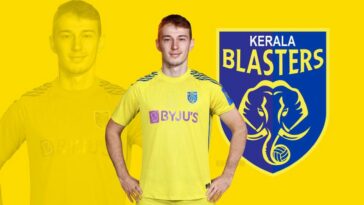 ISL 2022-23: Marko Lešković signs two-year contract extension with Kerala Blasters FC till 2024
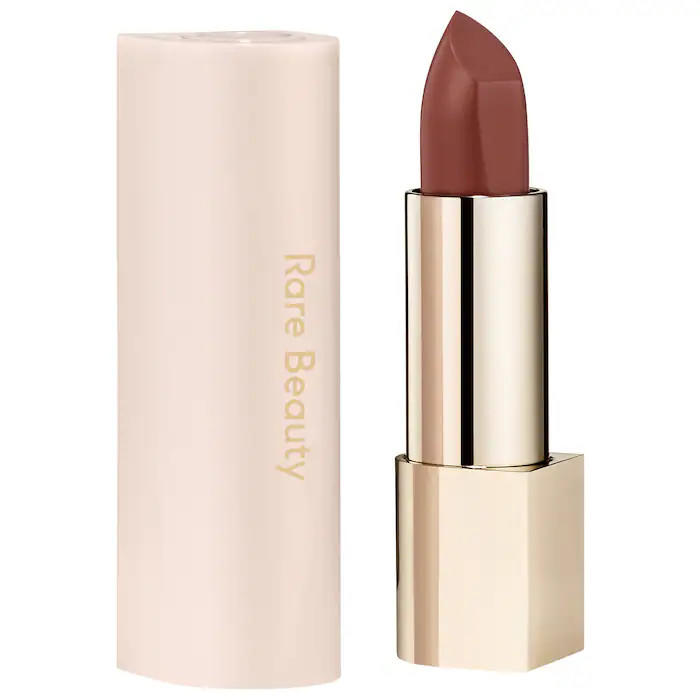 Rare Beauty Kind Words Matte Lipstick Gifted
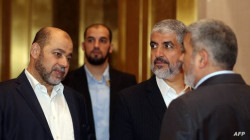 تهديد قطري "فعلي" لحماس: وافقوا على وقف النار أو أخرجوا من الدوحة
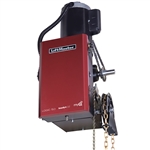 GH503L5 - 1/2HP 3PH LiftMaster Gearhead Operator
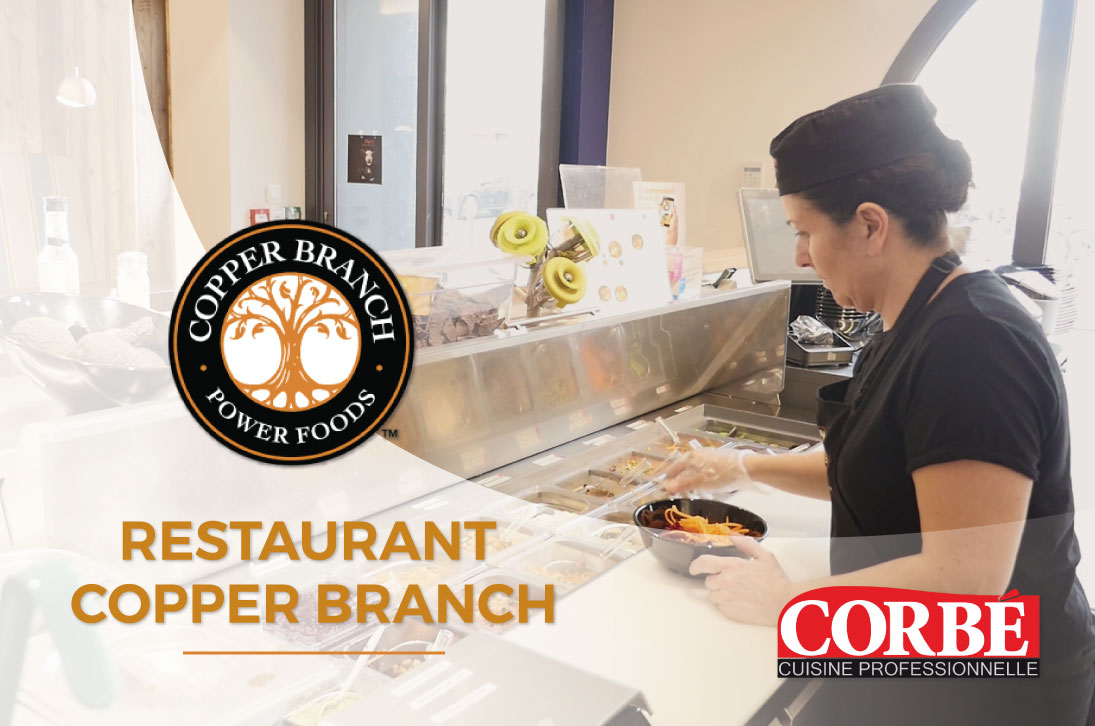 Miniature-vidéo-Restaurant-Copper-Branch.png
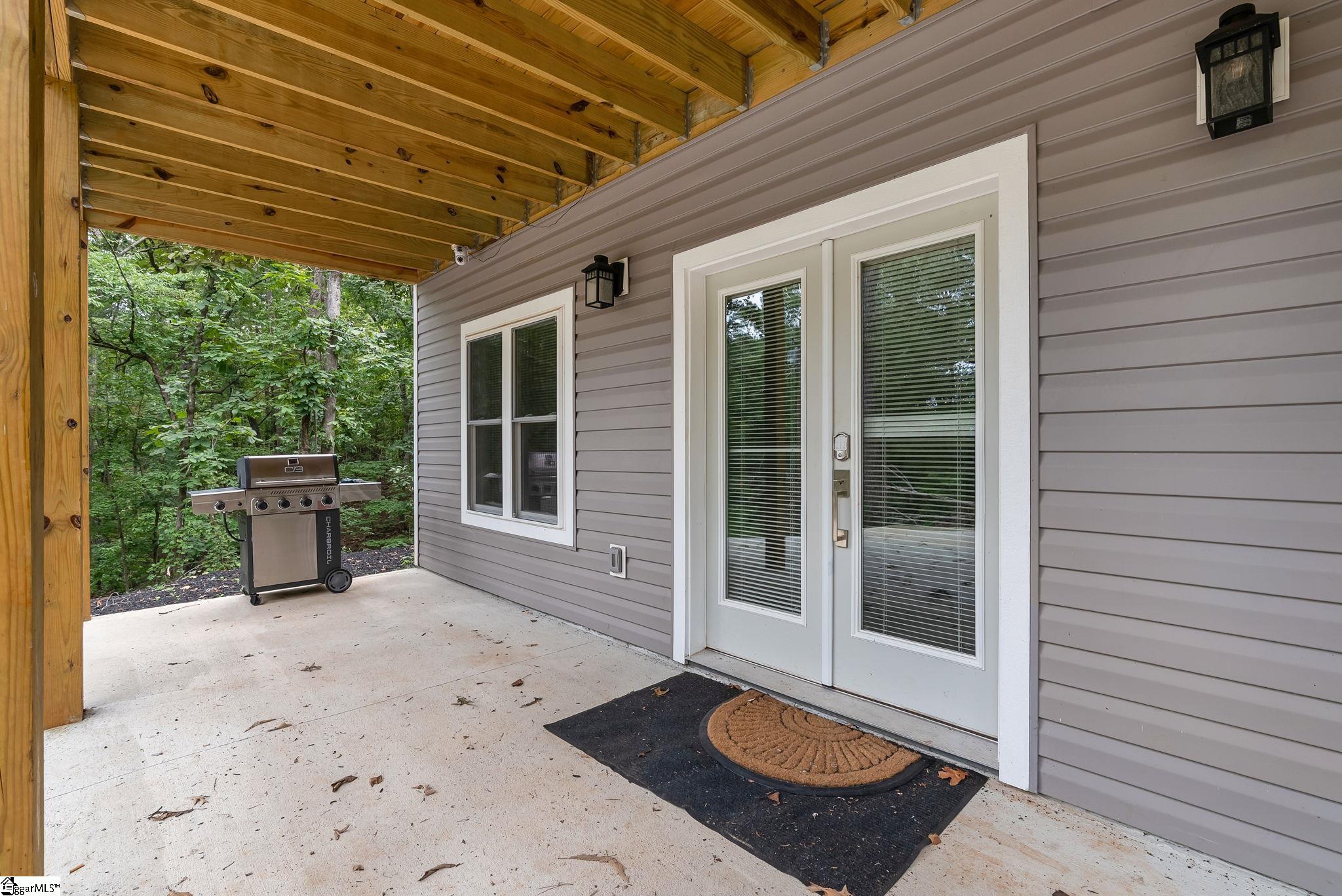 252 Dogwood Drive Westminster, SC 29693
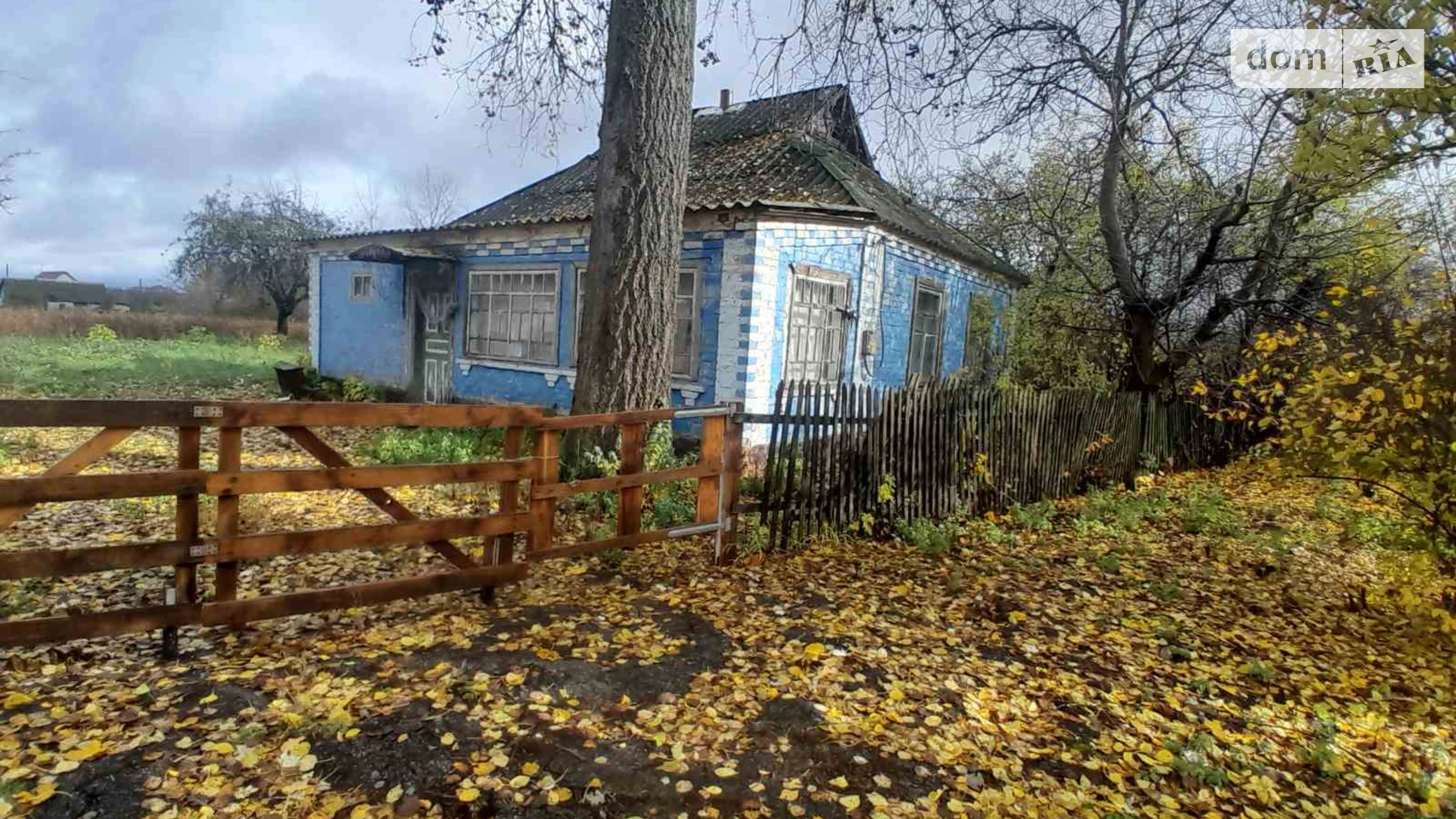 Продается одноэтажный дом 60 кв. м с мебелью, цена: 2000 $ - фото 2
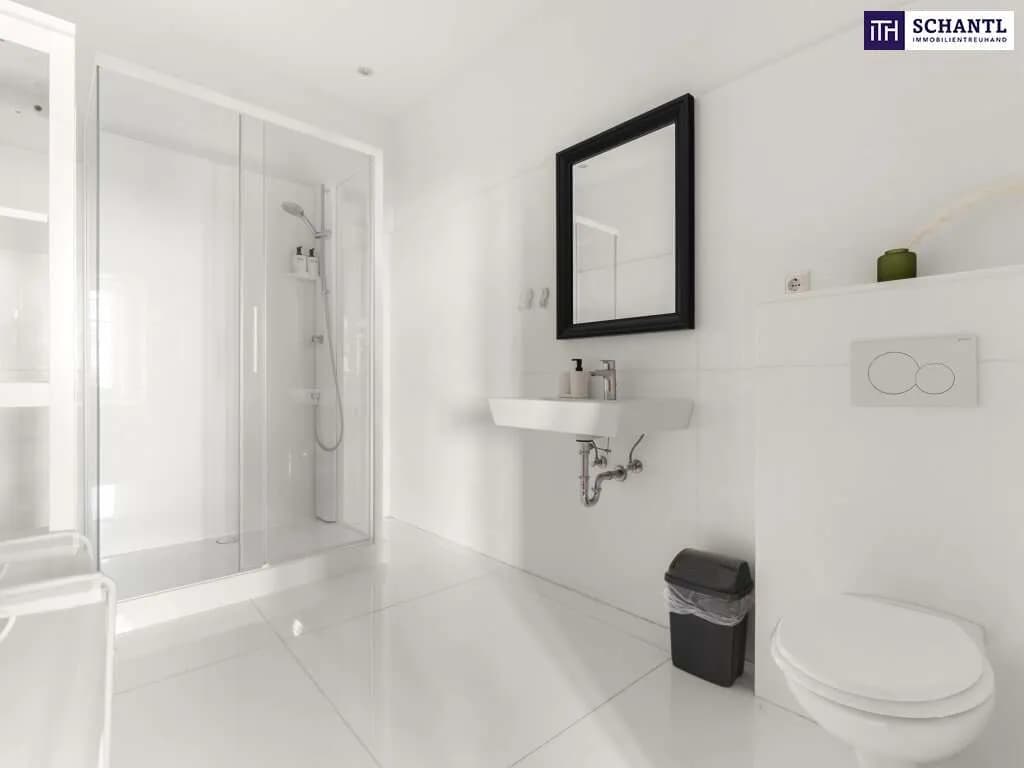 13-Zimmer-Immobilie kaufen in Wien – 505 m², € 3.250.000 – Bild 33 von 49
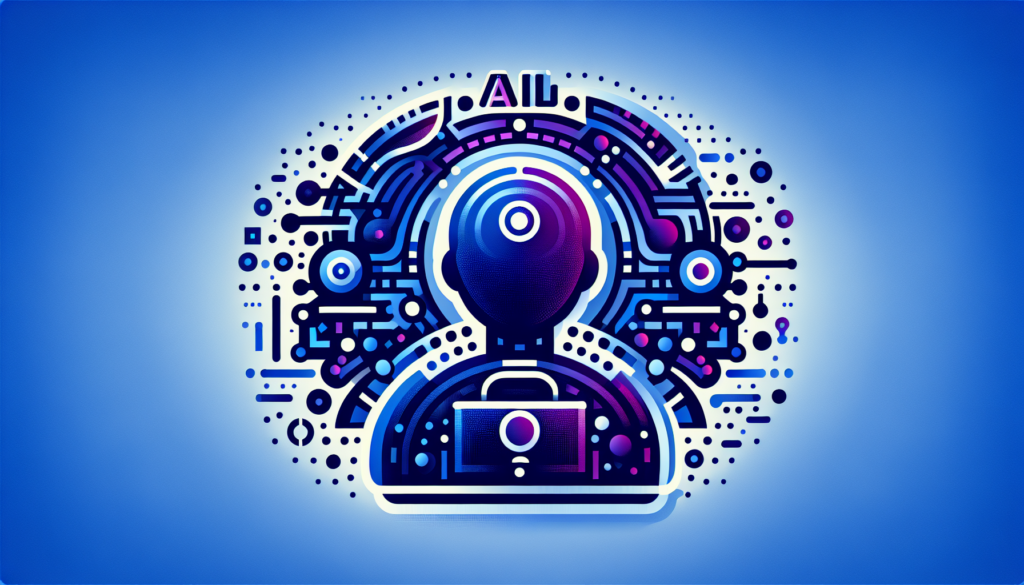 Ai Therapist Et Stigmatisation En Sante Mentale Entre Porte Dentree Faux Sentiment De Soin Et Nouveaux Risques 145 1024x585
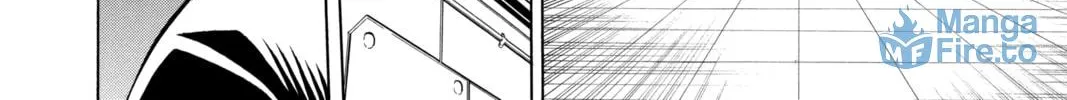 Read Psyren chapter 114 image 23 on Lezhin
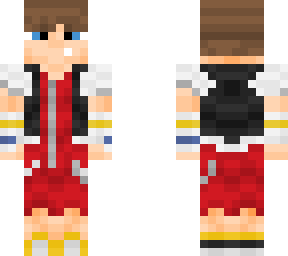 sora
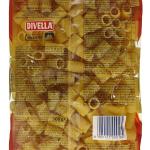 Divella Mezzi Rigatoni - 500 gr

---*---

Problem statement:
Exact repetition of each line above is expected; images are to be omitted.

Answer area:
 ISL 2022-23: Marko Lešković signs two-year contract extension with Kerala Blasters FC till 2024
 Rare Beauty Kind Words Matte Lipstick Gifted
 تهديد قطري "فعلي" لحماس: وافقوا على وقف النار أو أخرجوا من الدوحة
 GH503L5 - 1/2HP 3PH LiftMaster Gearhead Operator
 Miniature-vidéo-Restaurant-Copper-Branch.png
 252 Dogwood Drive Westminster, SC 29693
 Продается одноэтажный дом 60 кв. м с мебелью, цена: 2000 $ - фото 2
 13-Zimmer-Immobilie kaufen in Wien – 505 m², € 3.250.000 – Bild 33 von 49
 Ai Therapist Et Stigmatisation En Sante Mentale Entre Porte Dentree Faux Sentiment De Soin Et Nouveaux Risques 145 1024x585
 Read Psyren chapter 114 image 23 on Lezhin
 sora
 Divella Mezzi Rigatoni - 500 gr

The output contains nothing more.